■ Exercise goal ■
Please return the listing below exactly, without any of its pictures.

--*--

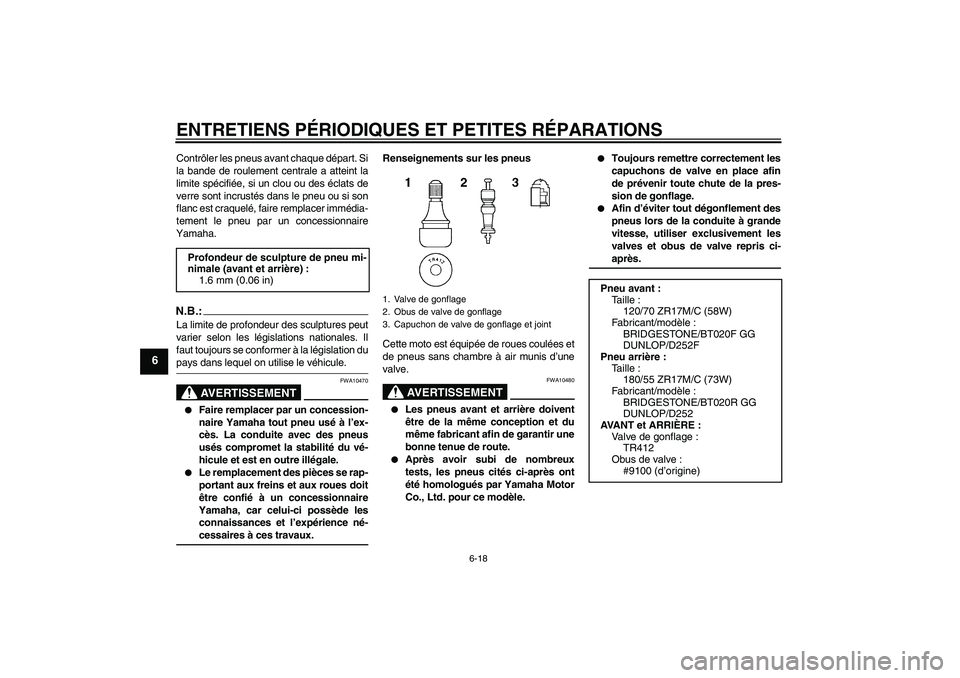 YAMAHA FZ6 NHG 2007 Notices Demploi (in French) ENTRETIENS PÉRIODIQUES ET PETITES RÉPARATIONS
6-18
6
Contrôler les pneus avant chaque départ. Si
la bande de roulement centrale a atteint la
limite spécifiée, si un clou ou des éclats de
verre YAMAHA FZ6 NHG 2007 Notices Demploi (in French) ENTRETIENS PÉRIODIQUES ET PETITES RÉPARATIONS
6-18
6
Contrôler les pneus avant chaque départ. Si
la bande de roulement centrale a atteint la
limite spécifiée, si un clou ou des éclats de
verre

--*--

■ Result of the exercise ■
 YAMAHA FZ6 NHG 2007 Notices Demploi (in French) ENTRETIENS PÉRIODIQUES ET PETITES RÉPARATIONS
6-18
6
Contrôler les pneus avant chaque départ. Si
la bande de roulement centrale a atteint la
limite spécifiée, si un clou ou des éclats de
verre YAMAHA FZ6 NHG 2007 Notices Demploi (in French) ENTRETIENS PÉRIODIQUES ET PETITES RÉPARATIONS
6-18
6
Contrôler les pneus avant chaque départ. Si
la bande de roulement centrale a atteint la
limite spécifiée, si un clou ou des éclats de
verre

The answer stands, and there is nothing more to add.